It was a strange isolation for this driven woman; evidently there was a hidden side of her that needed tranquil hours and fresh air away from the smoke, spotlights, noise, and booze-charged gaiety. Then, the exertions of the night drained away, as her companions dropped from fatigue, she went home to Greenwich Village to her mom and dad and her plethora of gewgaws. And to sleep until the all-night tempests began again.
On October 24, 1929, after several warning spasms, the stock market crashed, wrenching the lives of most Americans. With the ensuing bankruptcies and spiraling unemployment, Texas and her underworld cohorts were in trouble. As former business executives sold apples on street corners, wallets once bulging with money for illegal booze and demimonde high life were now thin and empty.

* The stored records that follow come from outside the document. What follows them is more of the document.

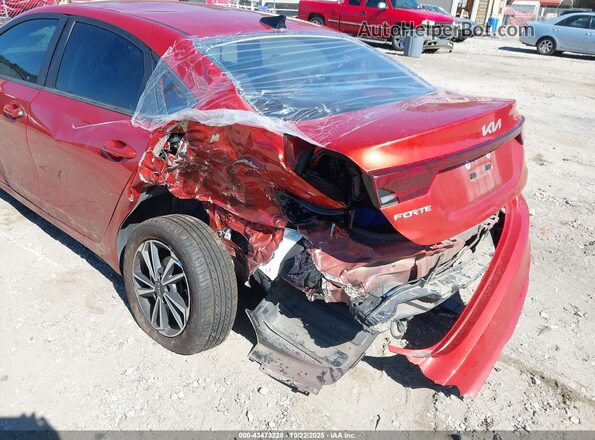 3KPF24AD7NE449980 2022 KIA FORTE Orange Вид спереду
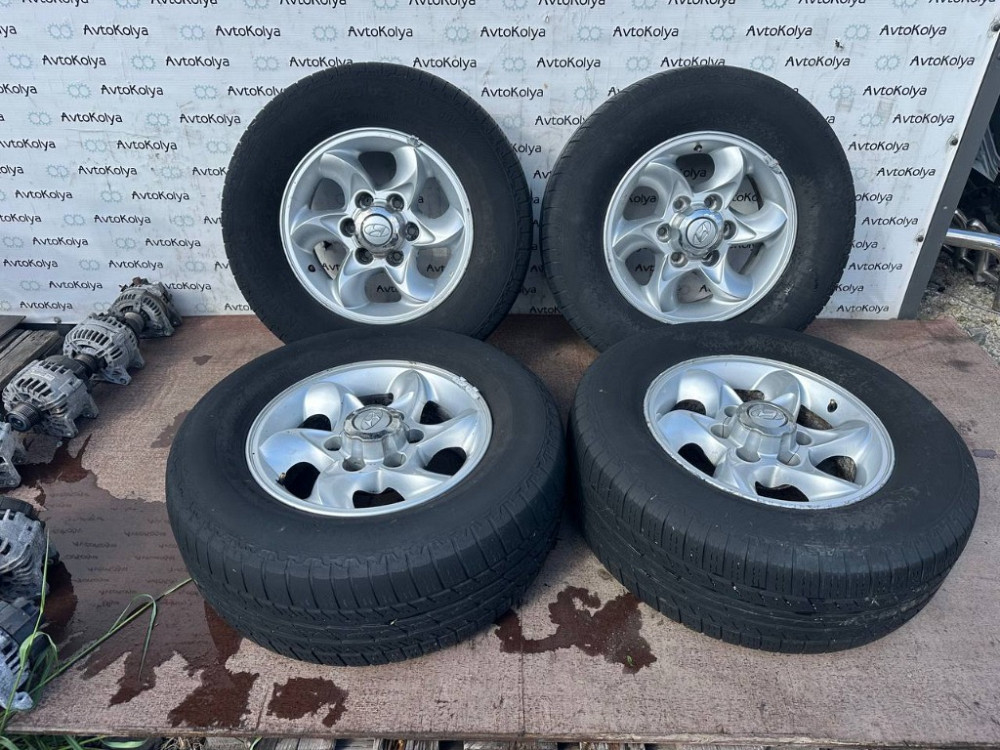 Диск литой с шиной 255/65 R16 Hyundai Terracan 2001-2007 (комплект) Ковель - изображение 1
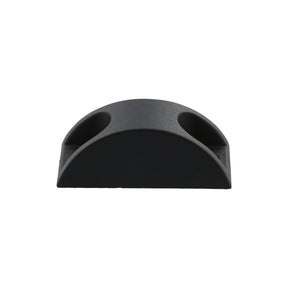 Ohio Travel Bag Wheels & Feet 2 3/8" Black, Bottom Stud, Plastic, #L-2066 L-2066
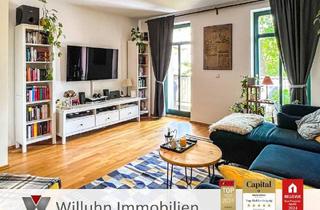 Wohnung kaufen in 04315 Leipzig, Leipzig - Fernwärme | Süd-Ost-Balkon | FBH und vieles mehr! Ihr Wohntraum in beliebter Umgebung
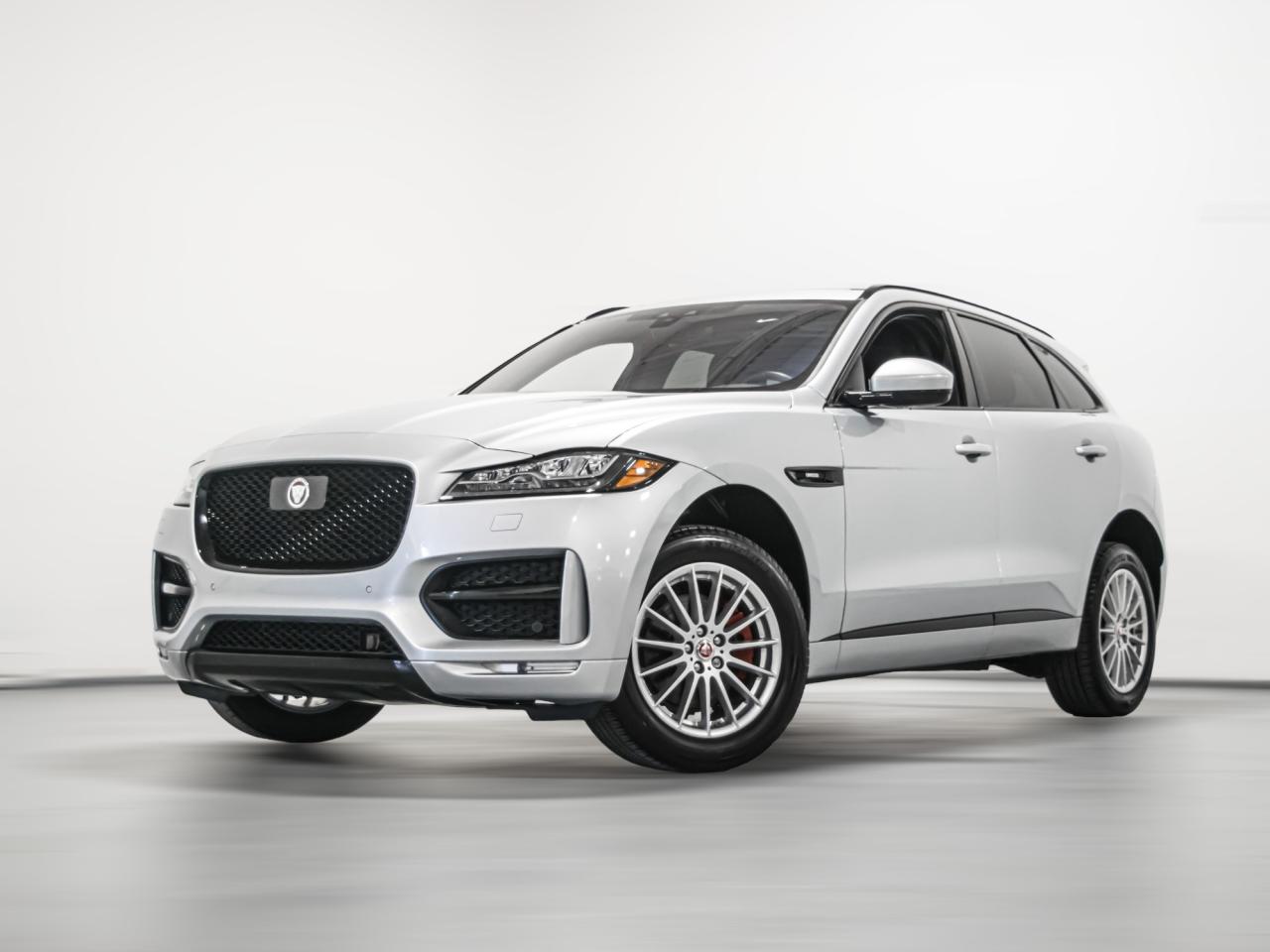 2020 Jaguar F-PACE R-Sport - Photo #1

Texas did her best to keep the good times rolling. As she quipped: “An indiscretion a day keeps the Depression away.”
In 1929, Guinan played a character based on herself, a nightclub owner named “Texas Malone,” in a movie melodrama, an early talkie, Queen of the Night Clubs (the film footage is lost, but some of the audio survived).
In 1933, months before her death, she was in the movie Broadway Through a Keyhole, in which the director showcased her bantering to customers as she did in her speakeasy days and delivering her “Hello, suckers!” line. She took a performing act, “Too Hot for Paris,” on a national tour to record crowds.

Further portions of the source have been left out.